Art for the Middle Classes: America’s Illustrated Magazines of the 1840s by Cynthia Lee Patterson | University Press of Mississippi | 210 pages, $50
Ah, modern journalism. Contributors struggle to find jobs and receive timely payments; publishers wonder where they’ll find advertisements; media companies search for other profit lines; everyone clings vainly to a sandbar that will soon be erased by the rising tide.
In Art for the Middle Classes: America’s Illustrated Magazines of the 1840s, Cynthia Lee Patterson makes it clear journalism has already seriously struggled before. Patterson, an assistant professor of English at the University of South Florida Polytechnic, shows that editorial and financial instability was normal journalistic practice in the 1840s, too. While marred by clunky academic prose and an ill-focused narrative structure, Patterson’s book still provides a revealing look at the early history of American journalism—and its finances.
With a title like Art for the Middle Classes, one might think the book is about magazines of the 1840s and their relationship to either art or the middle class. Not really. There isn’t much here about the middle class at all. Most of the book concerns the difficult careers of early Victorian artists. Yet there is still plenty here for people interested in the news business. Patterson looks critically at the economics of artistic and journalist production at several Philadelphia-based magazines, now largely forgotten national circulation periodicals like Godey’s, Graham’s, Peterson’s, Miss Leslie’s, and Sartain’s Union Magazine. These were essentially the country’s first national magazines. They were based in Philadelphia because it was then one of America’s most sophisticated and developed cities.
During the 1840s publishers and editors (then essentially the same thing) attempted to build publications for a national audience. The rise of large—for the time—corporations and improved technologies for reproducing text and illustrations allowed publishers to cheaply meet the rising demand for culture in small towns and outposts across the country. As part of this process, these magazines publicized original American works and reproductions of major paintings at a time when most Americans, unless they were privileged enough to live in major cities, had very little interaction with visual art.
These magazine illustrations, often reproductions and embellishments of major works of art, were produced by Pennsylvania artists to accompany poems, stories, or articles. Magazines often produced large, fold-out colored illustrations, which subscribers could remove and use to decorate their houses or offices. The illustrations were often only tangentially related to the text. Miss Leslie’s might run a sentimental poem about motherhood written by a struggling writer. The editor would then hire another aspiring creative-type (often a friend or relative of the writer) to create a picture with an inspiring picture of a woman with a child. Publishers, then as now, were trying to save money. Despite being the best things around, these magazines were done on the cheap.

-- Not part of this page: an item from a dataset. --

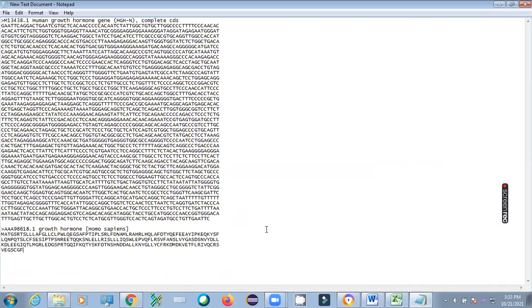So this way we can do this finding the nucleotide sequence of a particular gene. Here you can paste this way you can search. So this is the basic one, and then next day we will discuss further how to analyze these things. So thank you very much.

Shop assistants and housewives in places like Rutland, Vermont or Klamath Falls, Oregon might eagerly buy the periodicals containing such illustrations, called “fancy pictures,” apparently unaware that, due to the limited skills of the artists the magazines hired, the illustration was copied from a painting of, say, an English duchess and her heir. Magazine illustrators liberally embellished and subtracted from the original works to make the pieces more sentimental and universal.

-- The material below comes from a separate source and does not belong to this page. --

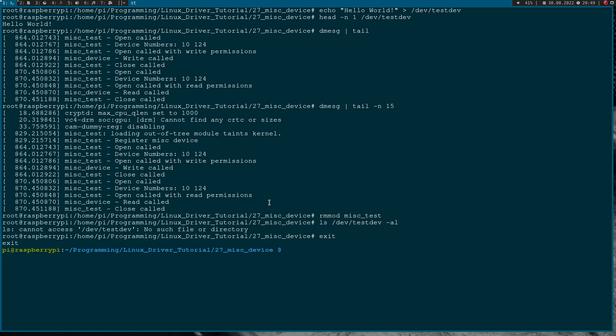So that's how to use a MISC device in a Linux driver. I think it's really a little bit easier than using a normal character device, because setting it up is much simpler. I hope you've enjoyed the video and learned something. If you want to support my work, you can buy me a coffee at buymeacoffee.com/johannes4linux. Thanks for watching and goodbye!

Writers and illustrators weren’t particularly well compensated for such work. The book is full of requests for more, and timelier, payments, which read rather unsettlingly like e-mail exchanges between freelancers and the business managers at today’s magazines. The illustrators were at the mercy of the editors and writers of the actual stories. If the story didn’t run, the drawings didn’t run, either—and the illustrators went unpaid.